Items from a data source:
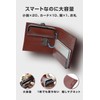 EDISON LAB FINALE2 Ultra Thin Flick Input Patent Bi-Fold Genuine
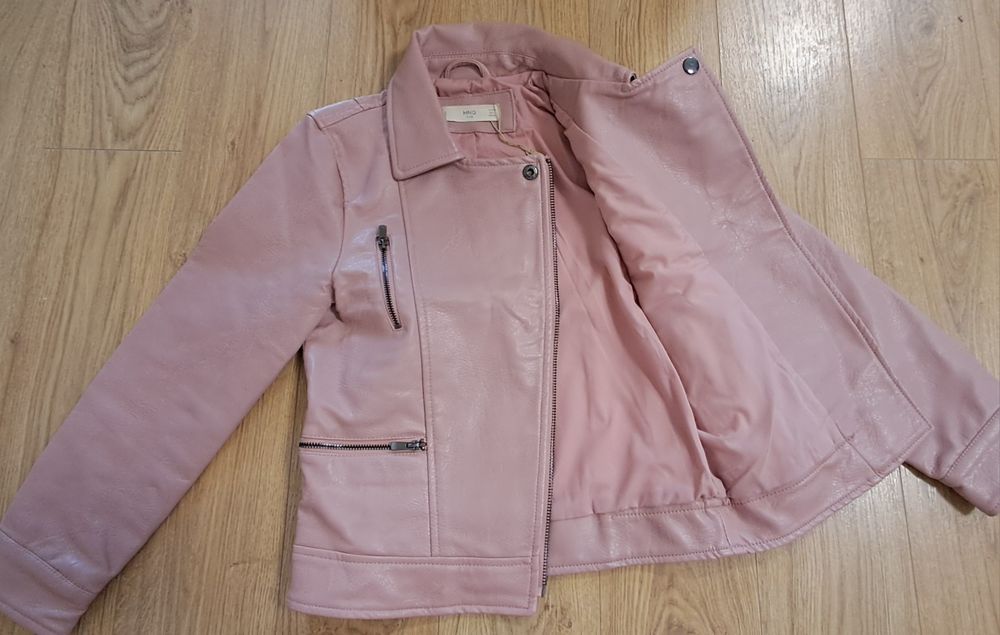 Модна дитяча куртка,піджак,кожанка на весну.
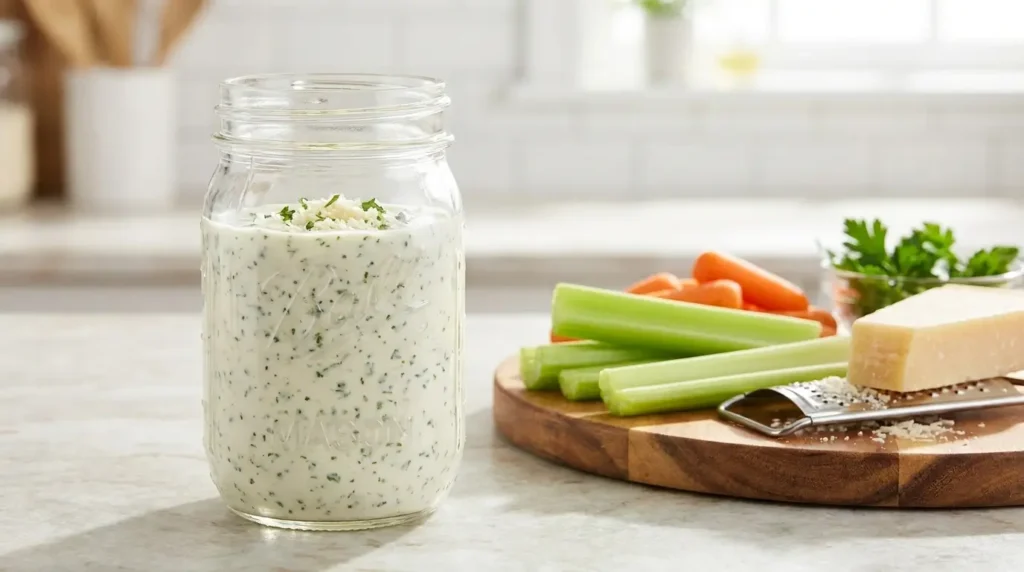 Walmart Parmesan Ranch Salmonella Recall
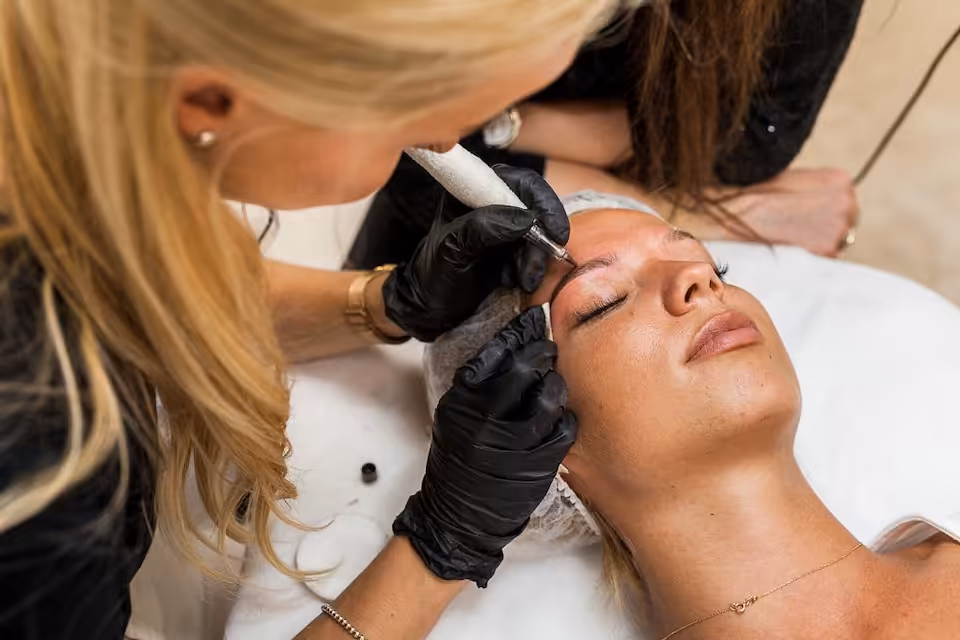 Zaliczka na szkolenie OMBRE BROWS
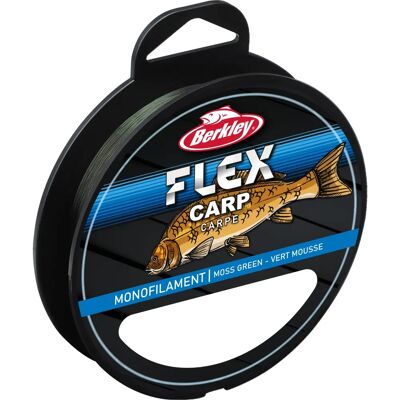 Filament Monobrin Flex Carp 400 M Transparent - Ligne de Pêche Filament Monobrin Flex Carp 400 M Transparent - Ligne de Pêche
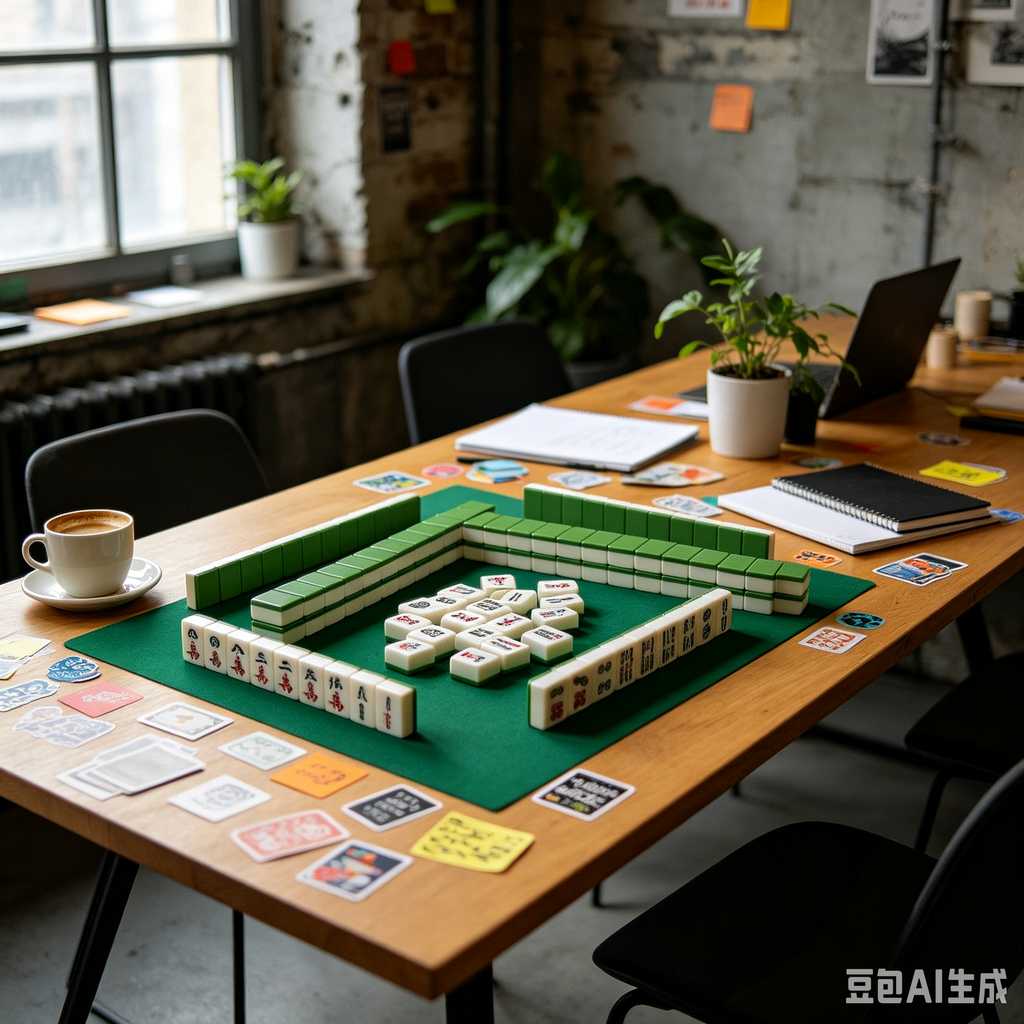 Marseille,mahjong
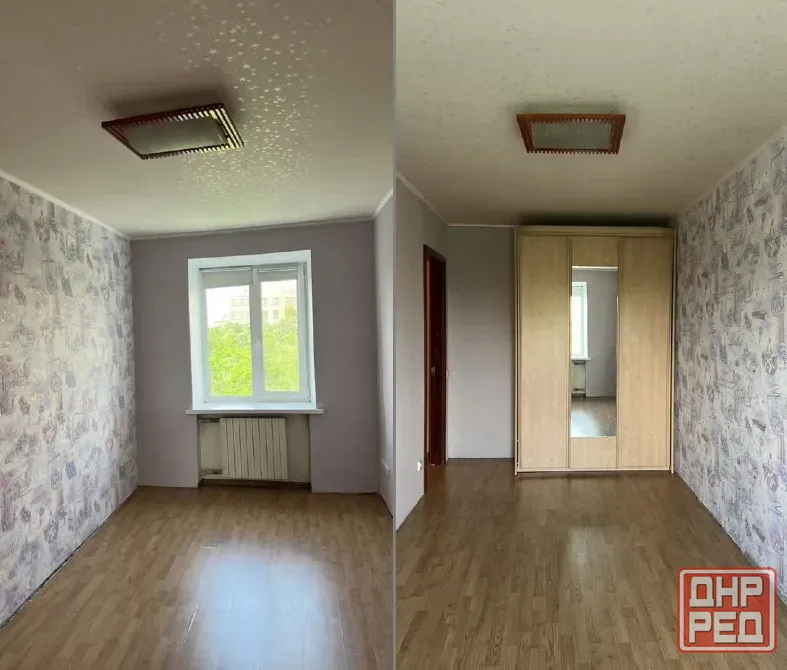 Продается 2 комн. квартира, 5/5, 41.2 м² Донецк, Ворошиловский р-н, ул. Артема Донецк - изображение 3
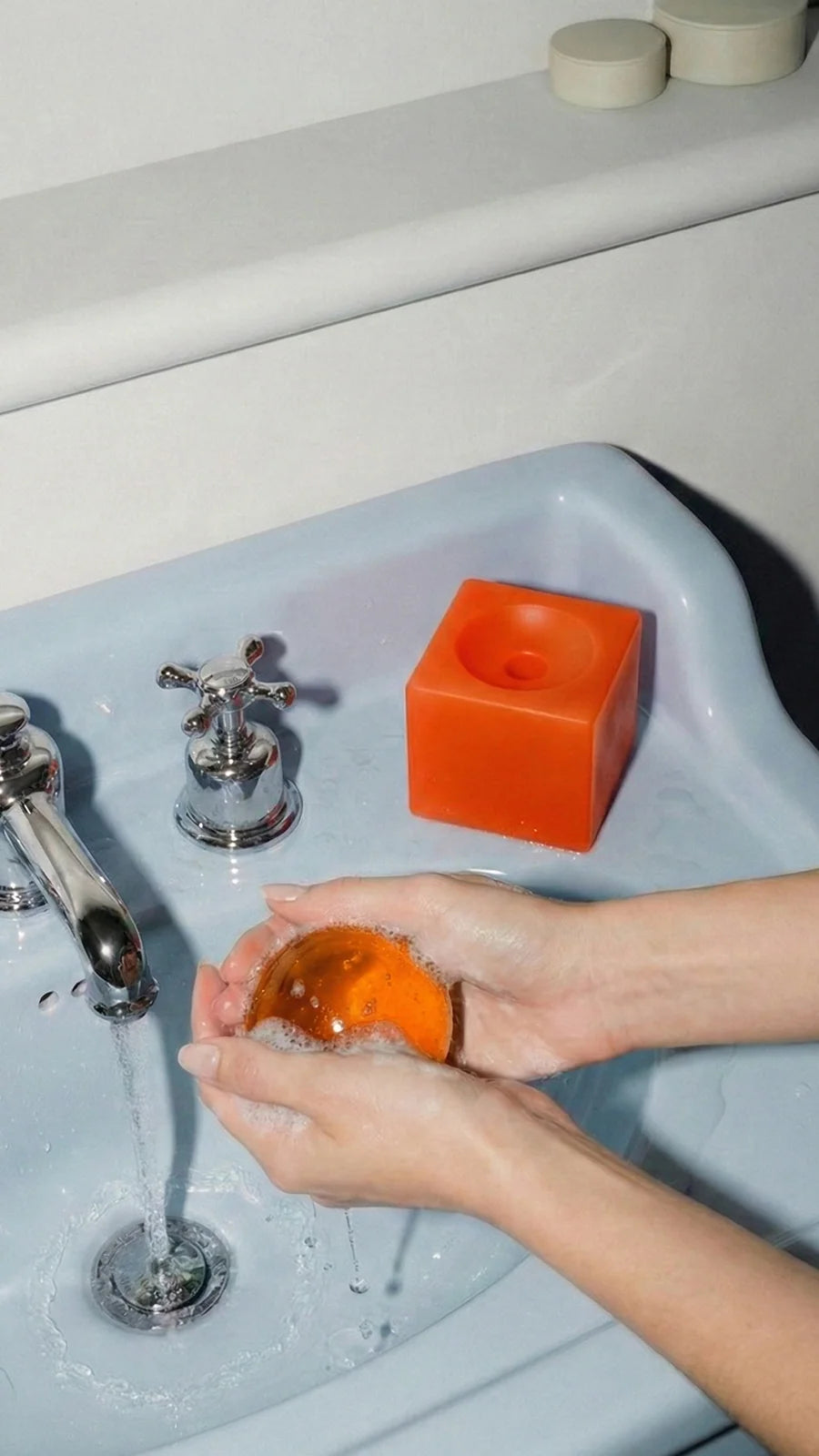 Oba Spherical Bar Soap
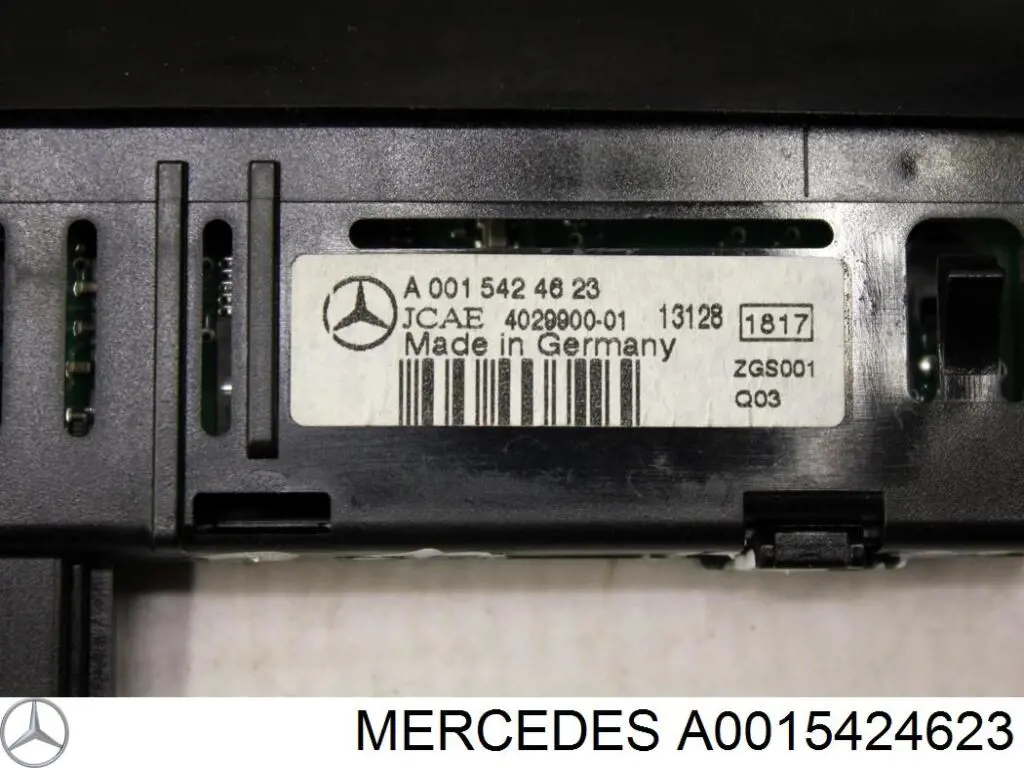 Купити A0015424623 Mercedes Дисплей парктроніка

#### EXERCISE DESCRIPTION:
Above are the records; repeat their lines from the first through the line containing "Продается 2 комн.", and leave out each picture.

#### ANSWER FOR THE TASK:
 EDISON LAB FINALE2 Ultra Thin Flick Input Patent Bi-Fold Genuine
 Модна дитяча куртка,піджак,кожанка на весну.
 Walmart Parmesan Ranch Salmonella Recall
 Zaliczka na szkolenie OMBRE BROWS
 Filament Monobrin Flex Carp 400 M Transparent - Ligne de Pêche Filament Monobrin Flex Carp 400 M Transparent - Ligne de Pêche
 Marseille,mahjong
 Продается 2 комн. квартира, 5/5, 41.2 м² Донецк, Ворошиловский р-н, ул. Артема Донецк - изображение 3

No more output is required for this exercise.